## YOUR INSTRUCTIONS
Every line below is to be set down again exactly; any image stays out.

## DATASET SECTION
+ + + +
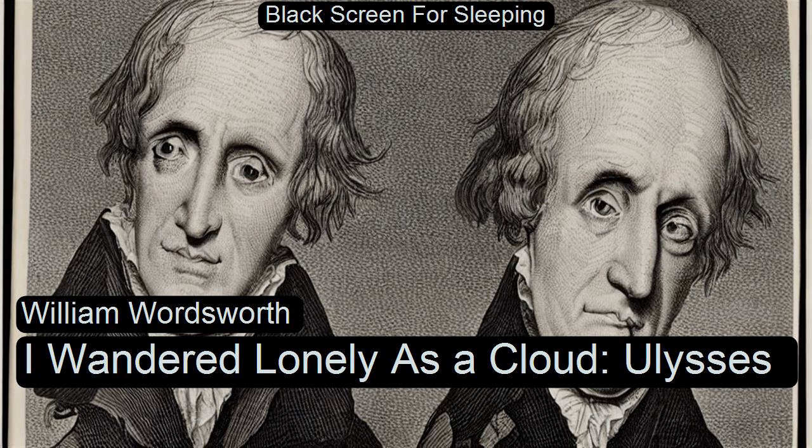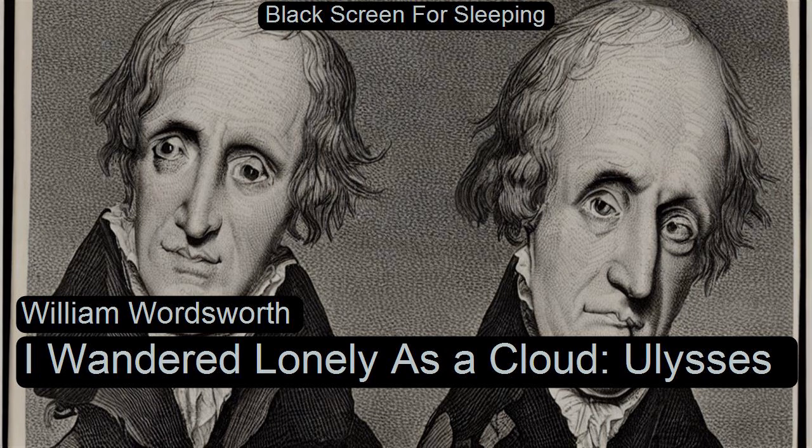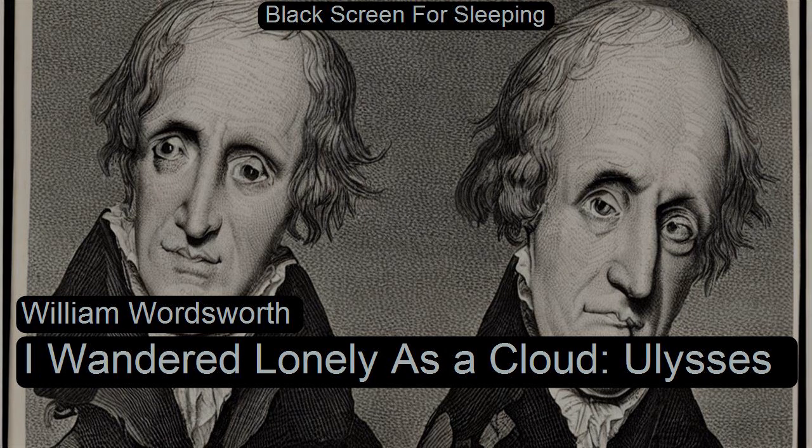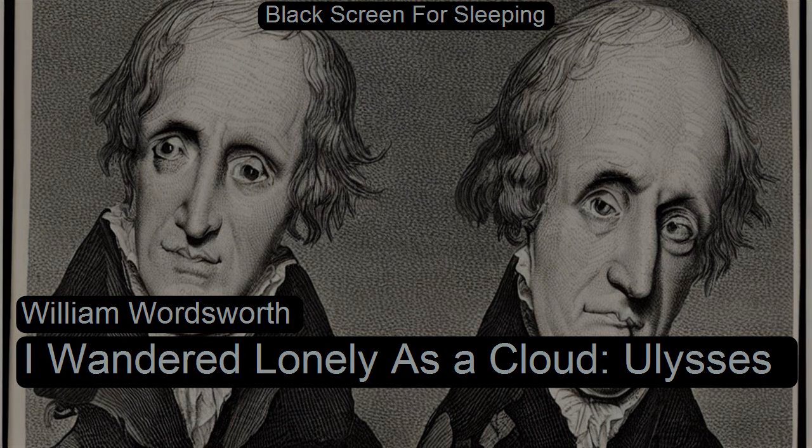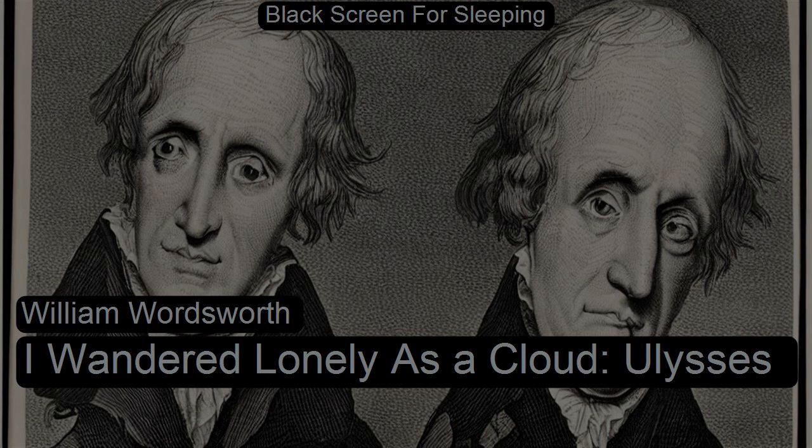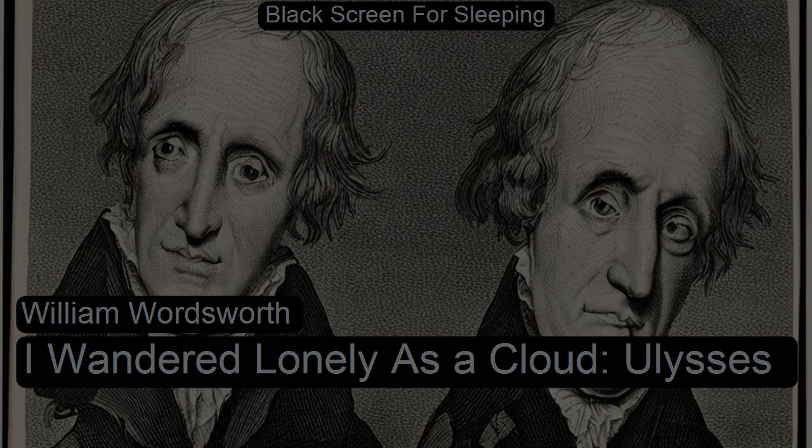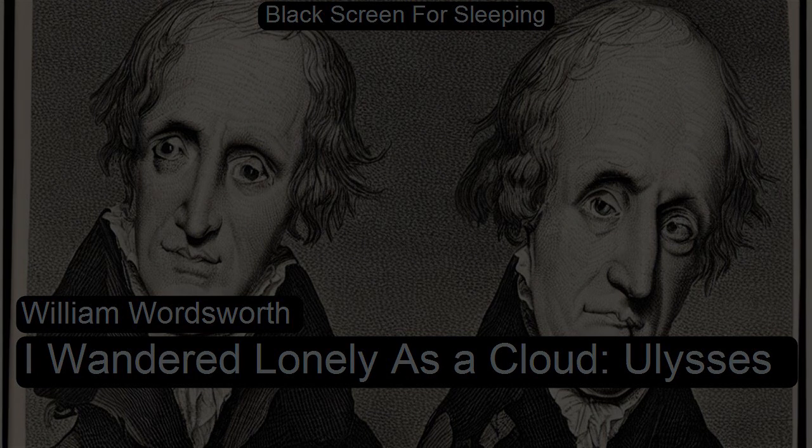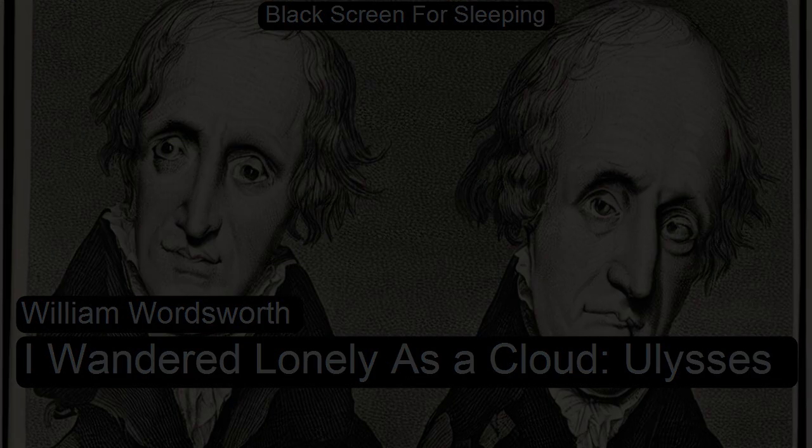I Wandered Lonely as a Cloud by William Wordsworth. Read for LibriVox.org by N.J. Thompson.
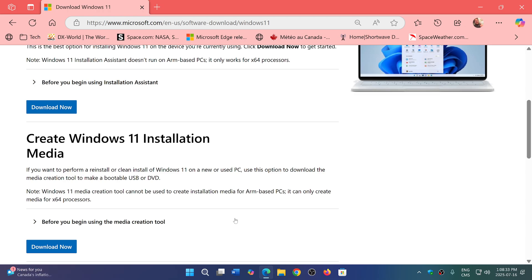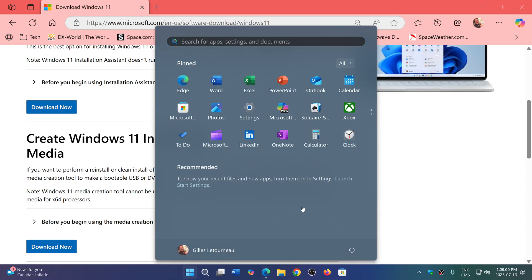Even better: if you download using the media creation tool and create installation media, not only do you have all of the updates until June 2025, but you'll also have all the app updates. That means the Microsoft Store, Notepad, Media Player, all the different apps, the Xbox app, Photos, Calendar, and the Outlook app for email — all of that will be up to date with the latest versions.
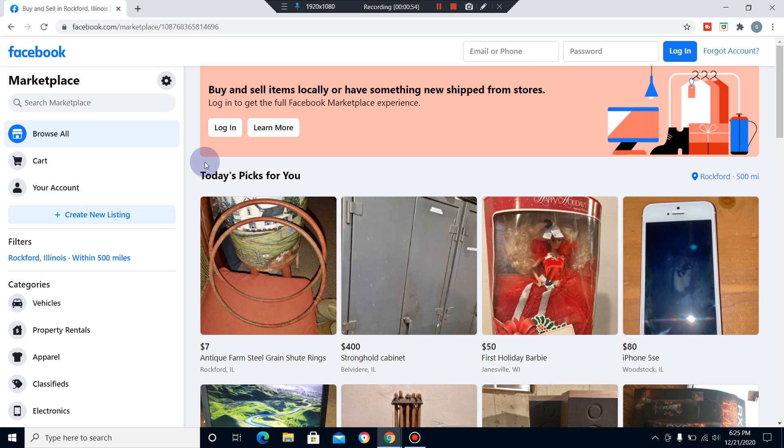For some reason, you just cannot change the search radius this high on any type of mobile device. It has to be done through your laptop or desktop.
+ + + +
## SOLUTION FOR THIS EXERCISE
I Wandered Lonely as a Cloud by William Wordsworth. Read for LibriVox.org by N.J. Thompson.
Even better: if you download using the media creation tool and create installation media, not only do you have all of the updates until June 2025, but you'll also have all the app updates. That means the Microsoft Store, Notepad, Media Player, all the different apps, the Xbox app, Photos, Calendar, and the Outlook app for email — all of that will be up to date with the latest versions.
For some reason, you just cannot change the search radius this high on any type of mobile device. It has to be done through your laptop or desktop.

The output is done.